Brasileosaurus Temporal range: Maastrichtian ~72–68 Ma PreꞒ Ꞓ O S D C P T J K Pg N ↓

Scientific classification
- Domain: Eukaryota
- Kingdom: Animalia
- Phylum: Chordata
- Class: Reptilia
- Clade: Archosauria
- Clade: Pseudosuchia
- Clade: Crocodylomorpha
- Clade: Crocodyliformes
- Clade: †Notosuchia
- Family: †Notosuchidae
- Genus: †Brasileosaurus Huene, 1931
- Species: †B. pachecoi
- Binomial name: †Brasileosaurus pachecoi Huene, 1931

= Brasileosaurus =

- Genus: Brasileosaurus
- Species: pachecoi
- Authority: Huene, 1931
- Parent authority: Huene, 1931

Extinct genus of reptiles

Brasileosaurus (meaning "Brazil lizard") is a genus of notosuchid notosuchian from the Late Cretaceous Adamantina Formation of Brazil.

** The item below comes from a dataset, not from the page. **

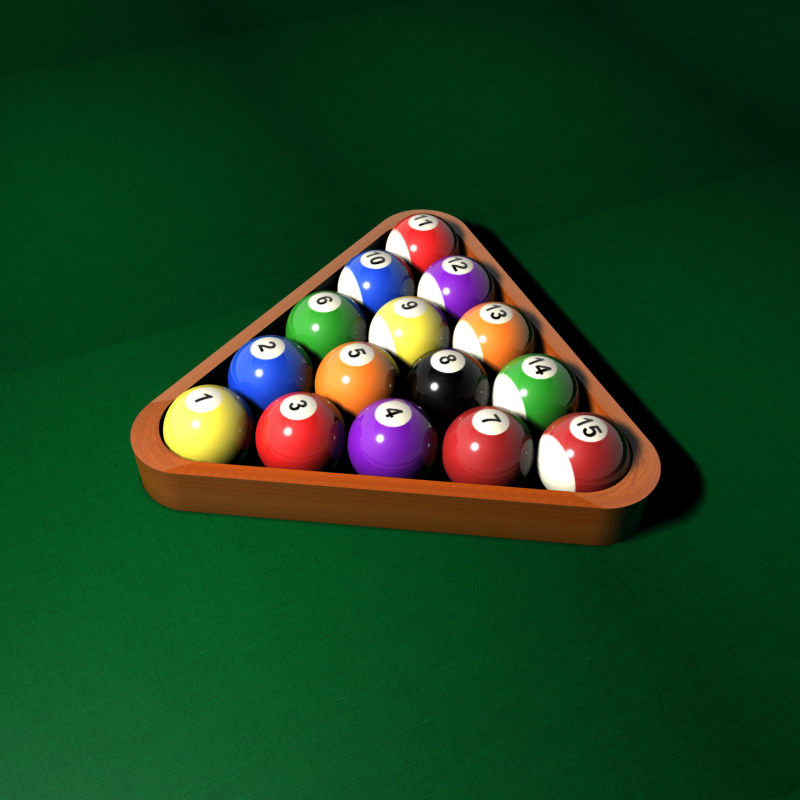 3d model billiard ball table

The type species is B. pachecoi, discovered by the Brazilian Eng. Joviano Pacheco and described by the prolific German paleontologist Friedrich von Huene in 1931.

Brasileosaurus is not to be confused with the mesosaur Brazilosaurus.

== Classification ==
Although originally classified as a coelurosaur in the original description, it was later recognized as being a crocodylomorph, possibly synonymous with Uruguaysuchus. In his description of Sebecus, George Gaylord Simpson assigned Brasileosaurus to Notosuchidae, noting similarities with members of Mesoeucrocodylia.